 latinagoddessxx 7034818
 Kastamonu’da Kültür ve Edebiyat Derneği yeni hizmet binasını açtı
...
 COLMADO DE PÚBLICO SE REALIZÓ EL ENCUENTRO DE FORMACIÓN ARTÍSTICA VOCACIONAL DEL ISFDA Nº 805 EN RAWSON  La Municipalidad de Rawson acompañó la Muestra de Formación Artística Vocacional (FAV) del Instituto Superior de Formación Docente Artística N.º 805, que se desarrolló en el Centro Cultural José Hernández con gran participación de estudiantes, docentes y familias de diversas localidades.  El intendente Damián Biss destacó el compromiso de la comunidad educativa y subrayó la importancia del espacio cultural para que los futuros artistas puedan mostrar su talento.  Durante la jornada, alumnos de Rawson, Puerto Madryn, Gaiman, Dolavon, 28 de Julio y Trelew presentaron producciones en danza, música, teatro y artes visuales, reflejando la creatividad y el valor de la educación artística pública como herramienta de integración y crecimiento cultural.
--
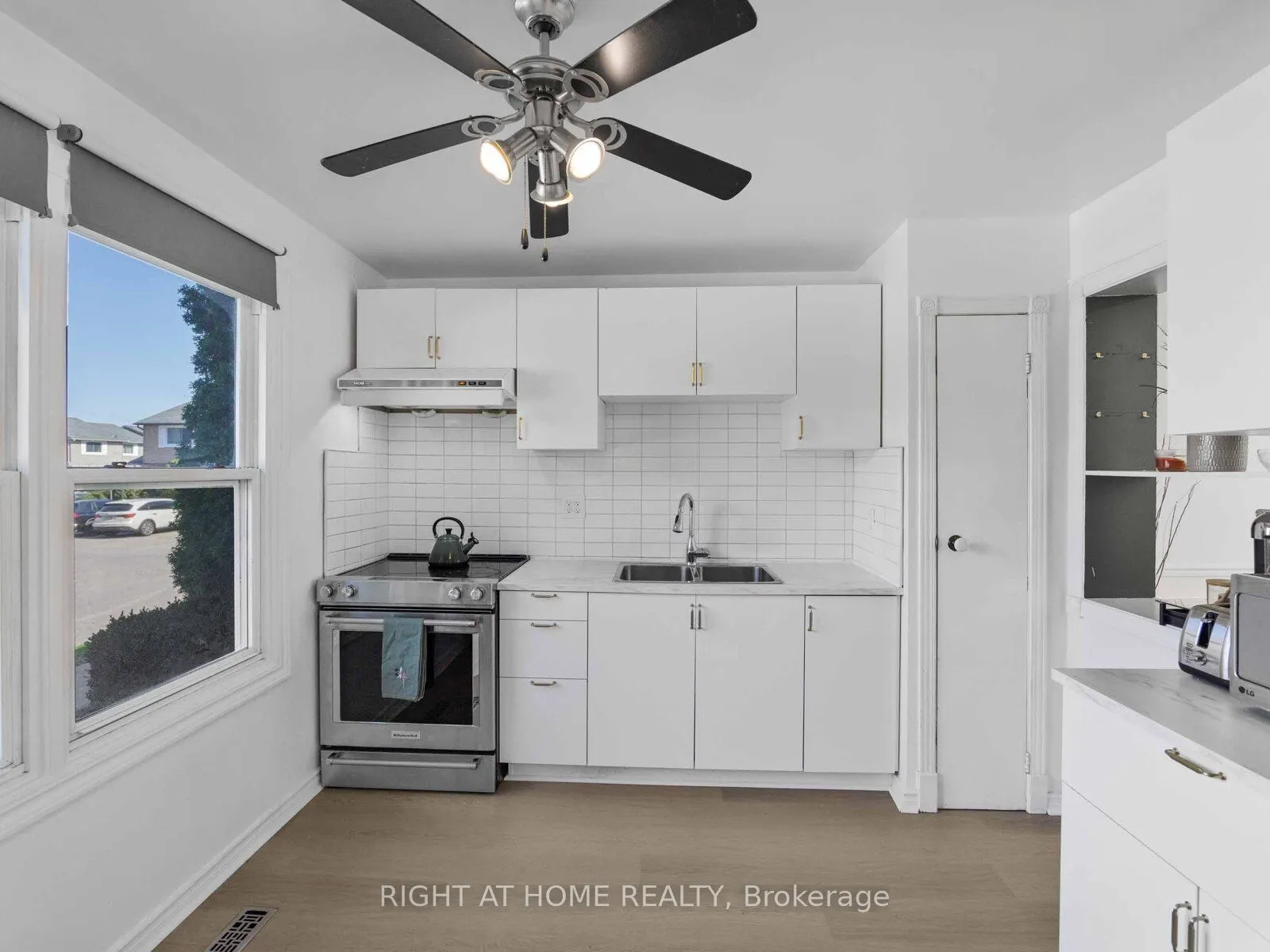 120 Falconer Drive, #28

WHAT THE EXERCISE ASKS
From the records above, transcribe exactly the run of lines that opens with the line holding "latinagoddessxx 7034818" and closes with the line holding "Kastamonu’da Kültür ve", both included.

WRITTEN ANSWER
 latinagoddessxx 7034818
 Kastamonu’da Kültür ve Edebiyat Derneği yeni hizmet binasını açtı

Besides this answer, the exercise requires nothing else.